Тогда я не догадывался, что из этого ничего не выйдет и что мои фотографии будут жалкими и незапоминающимися. Миссис Врилэнд представляла атмосферу восточных фантазий, марокканской феерии, красных каблуков и мечтаний об экзотике. Для меня главным в работе был образ чувственной, очень эротичной женщины, во всех отношениях принадлежащей к западному миру, — уроженке Парижа, Милана и, может быть, Нью-Йорка.
Но я старался изо всех сил. Я проводил безрадостные
Рабочий распорядок миссис Врилэнд был довольно необычным. Она приезжала в офис к полудню, после продолжительного сеанса массажа у себя дома, в течение которого она проверяла снимки фотографов журнала, сделанные на вчерашних сеансах. Оттуда же приходили властные указания, можно ли готовить фотографии к печати или придется переделывать их. В большинстве случаев приговор был «Переснять!». Я никогда не работал в журнале, где тратили бы так много денег на пересъемку. Не только для меня, но и для других фотографов было обычным делом проводить от пяти до восьми повторных сеансов. Много раз людей посылали в заграничные командировки в Марокко и другие экзотические страны; никто не считал денег.
Совершенно сбитый с толку экстравагантными желаниями миссис Врилэнд и вынужденный работать только в студии, я мог лишь мечтать о прогулках по своим любимым улицам. В редкие свободные моменты я бегал взад-вперед по Третьей авеню, заглядывая в антикварные лавки в поисках реквизита, который мог бы удовлетворить страсть начальства к экзотике. Не стоит и говорить, что мои фотографии выглядели просто ужасно.
Результат, к которому стремилась миссис Врилэнд, был единственным, что имело значение. Ее позднее появление на работе означало дополнительные унижения для редакторов отдела моды. Помню, как я проходил мимо ее знаменитого кабинета, отделанного лакированным красным деревом, с креслами и диванами, обтянутыми леопардовыми шкурами. У закрытой двери были расставлены стулья и скамьи, на которых сидели редакторши, ждавшие, когда их вызовут и растолкуют, что нужно делать, а что нет. Ужаснее всего было то обстоятельство, что в любое время от шести до десяти часов вечера можно было увидеть тех же редакторов, покорно сидевших в коридоре и ждавших, пока их пригласят зайти. Я понимал, что у этих бедных женщин нет никакой личной жизни.
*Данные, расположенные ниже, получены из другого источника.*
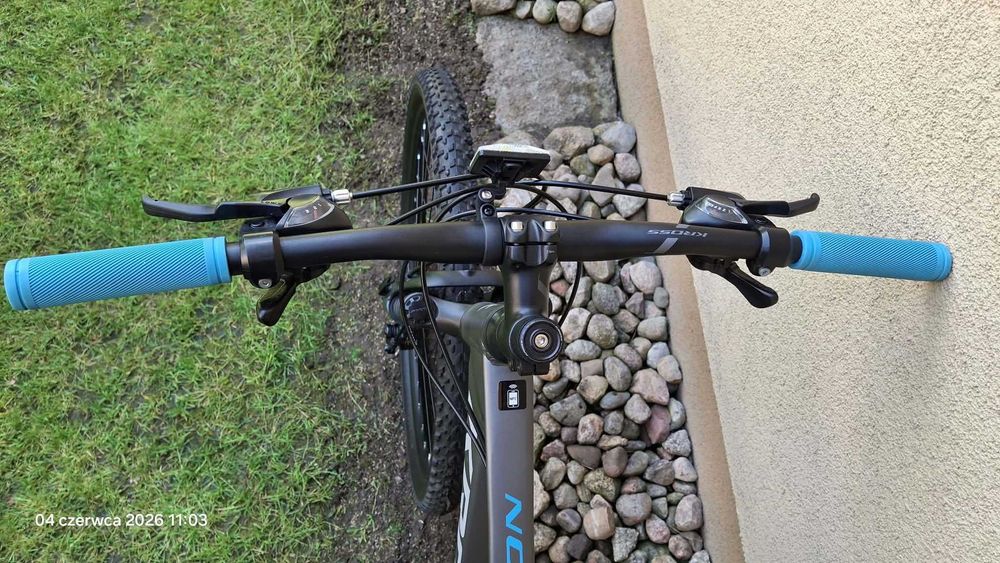 Rower kross hexagon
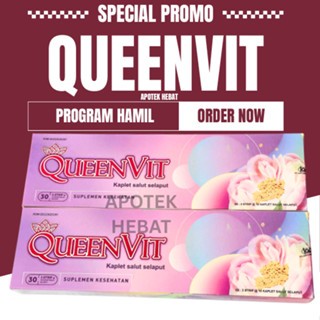 BUNDLING Special Promo Paket Vitamin Khusus Promil Queenvit Folavit Santa-e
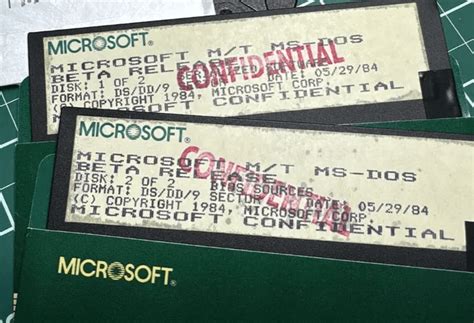 Microsoft Libera Código Fuente De Ms Dos 400 Multitarea Tecnología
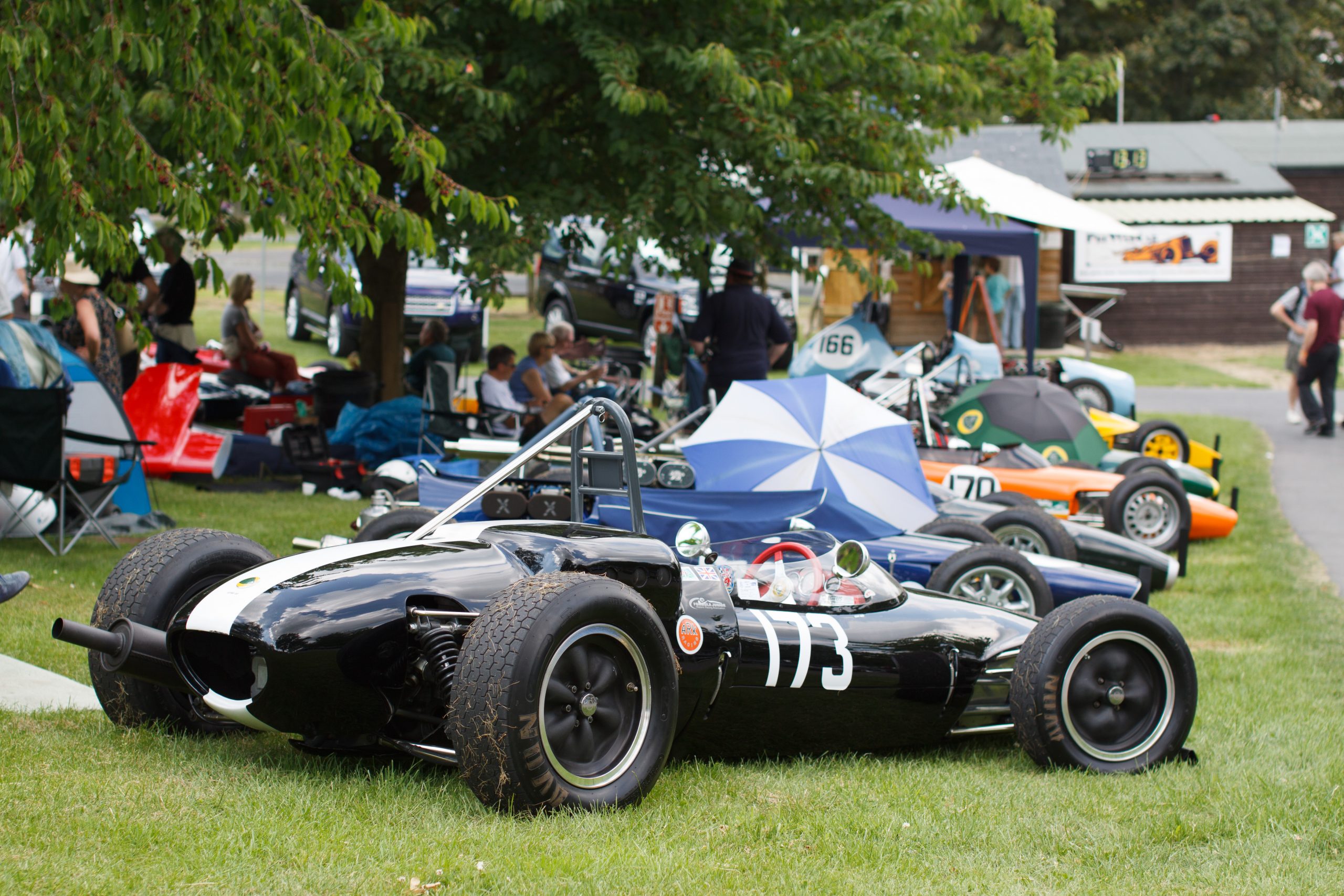 Prescott Hill Climb - Gotherington - Gloucestershire - England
Другим знаменательным событием был приезд миссис Ври-лэнд в Париж на показ коллекций высокой моды. Журналу «Vogue» принадлежит красивое здание на Пляс дю Палас Бурбон в Париже, где всегда были готовы принять ее со всеми секретаршами. Но этого было недостаточно: миссис Врилэнд занимала весь второй этаж гостиницы «Гриллон». В Париже она имела собственный коммутатор и разговаривала с посетителями только через своих секретарш. Ее стиль управления журналом действительно был очень экстравагантным.
В начале 1971 года миссис Врилэнд внезапно уволили из «Vogue» самым драматическим и бесславным образом.
В конце 1971 года в моей парижской квартире раздался телефонный звонок. Это был Алекс Либерман, звонивший с другого берега Атлантики. Он сказал: «Хельмут, я хочу, чтобы ты приехал в Нью-Йорк и делал по сорок пять страниц для американского «Vogue» в таком же духе, как ты работал для французского «Vogue» последние девять лет». Раньше я никогда не слышал от него подобных слов, потому что все, что я делал во французском отделении журнала, было своеобразным антагонизмом для американского.